第二天,尹婪站在房間看著華景笙收拾著兩人的衣服,其實她的衣服並不多,基本都是新買的。不過自從離開了南興之後,她幾乎每到一個地方衣服都是新買的,帶與不帶其實差距不大。但是華景笙似乎很樂意這樣收拾東西,並時不時的拿起一件連衣裙問她要不要帶回去。

眉目沉毅,棱角分明的臉被充盈在房間內的日光包裹得服帖,淺淺繞開了一抹柔意,雖眼中略淡,但是神色卻是柔和的。

尹婪背對著窗戶站著,柔媚的五官沐浴在陽光下,平添出了一份燦爛的暖意。被問及時,她淺淺一笑,像極了盛開在陽光的鮮花,美麗至極。

兩人的獨處沒有持續多久,很快就被疾步走來的賽斐打破,隻是礙於華景笙不許任何人打擾到的吩咐,他隻敢站在門口。

“景爺。”

尹婪聽聞他的聲音就知道出事了,抬眸看了看微微蹙眉的華景笙,輕輕的點頭。

華景笙這才放下衣服走了出去。

尹婪走到臥室門口,看著兩人一前一後的離開,雖然看不見表情,但是卻覺得事情似乎不簡單。她走到床的另一側,看著被華景笙疊放整齊的衣服,以前他出行總是她在做這些事,但是她卻不知道原來他也擅長做這些。手輕輕的摸著那些衣服,總覺得過去的回憶如今越來越占據腦子了。

明天就要走,而明天寧歐又要做什麽?

“五哥。”她站在房間對著外麵沒有人的廊道喊道。

“怎麽了?”很快一道身影從旁邊鑽出來,站在了門口。

“歐拉呢?”尹婪轉過身,靜然的望著她。

“在地牢。”

所謂的地牢,位於負一樓停車場的一處死角,夾在左右兩堵牆之間。輸入了密碼之後,右邊的牆宛若一道卷簾門一樣被抬起。尹婪與巫勝一起走了進去,裏麵的人見到巫勝,紛紛起身相迎。

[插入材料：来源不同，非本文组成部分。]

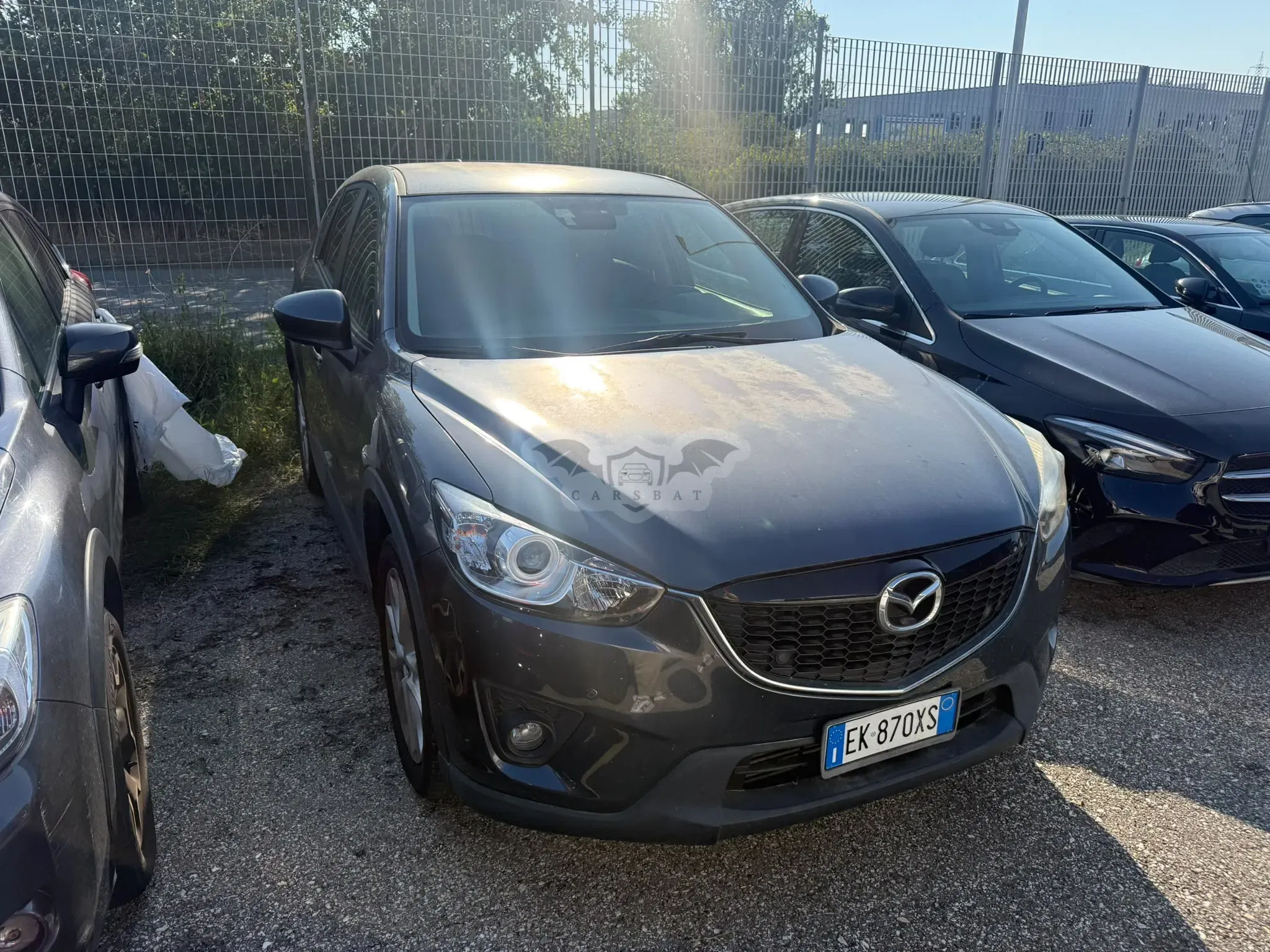 Mazda CX-5 2.2 Exceed 2012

“歐拉在哪一間密室?”巫勝輕輕側頭看著來人,聲音清淡的詢問。

“在109室。”那人垂首回答。

“你繼續守著吧。”

巫勝領著尹婪朝109室走了過去,那間房間幾乎沒有采光可言,走進去的時候,室內的燈沒有打開。尹婪站在門口看了看裏麵的情況,借著外麵沁進去的燈光模糊的看到了裏麵蜷縮的身影,沒有多想,隻是淡聲道:“五哥,吩咐人將裏麵的歐拉帶出去,我有話要問她。”

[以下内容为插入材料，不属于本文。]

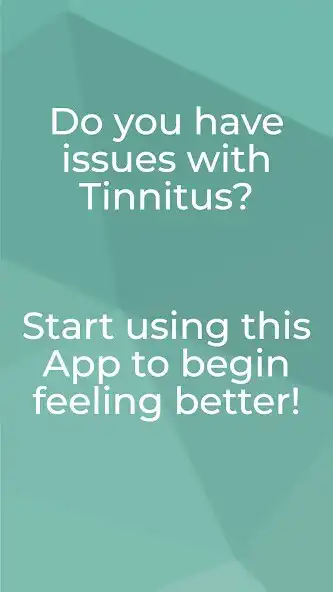 Play Tinnitus - Relief  Therapy  and enjoy Tinnitus - Relief  Therapy with UptoPlay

“好。”巫勝朝旁邊打了一個手勢,守在道路盡頭的兩人立刻衝上來,將裏麵的歐拉帶了出來。

尹婪坐在審訊室等著,當兩人將歐拉架出來的時候,她愣了一下,女傭裝幾乎衣不蔽體,耀眼的紅發像是被什麽淋濕,雜亂無章的貼在了臉上。細白的皮膚上縱橫著多條類似於鞭子笞打的傷痕,就連手背上都是傷痕密布,身上充斥著一股鮮血與汗漬的熏臭味。

雖不令人作嘔,卻是極難聞的。

“五哥,你先出去,我想單獨跟她說幾句。”尹婪忍住掩鼻的衝動,平靜對巫勝

說道。

巫勝看了看歐拉,確定她沒有威脅力之後點頭,其他兩人也跟著守在了門口。

歐拉宛若一張大破布被扔在地上,那雙宛若紅寶石的眼睛如今像了落了一層灰,變得灰蒙暗淡。她隔著糟糕的頭發,看著光鮮亮麗的尹婪,嘴角一勾,盡是苦笑:“我最終還是敗給了你。”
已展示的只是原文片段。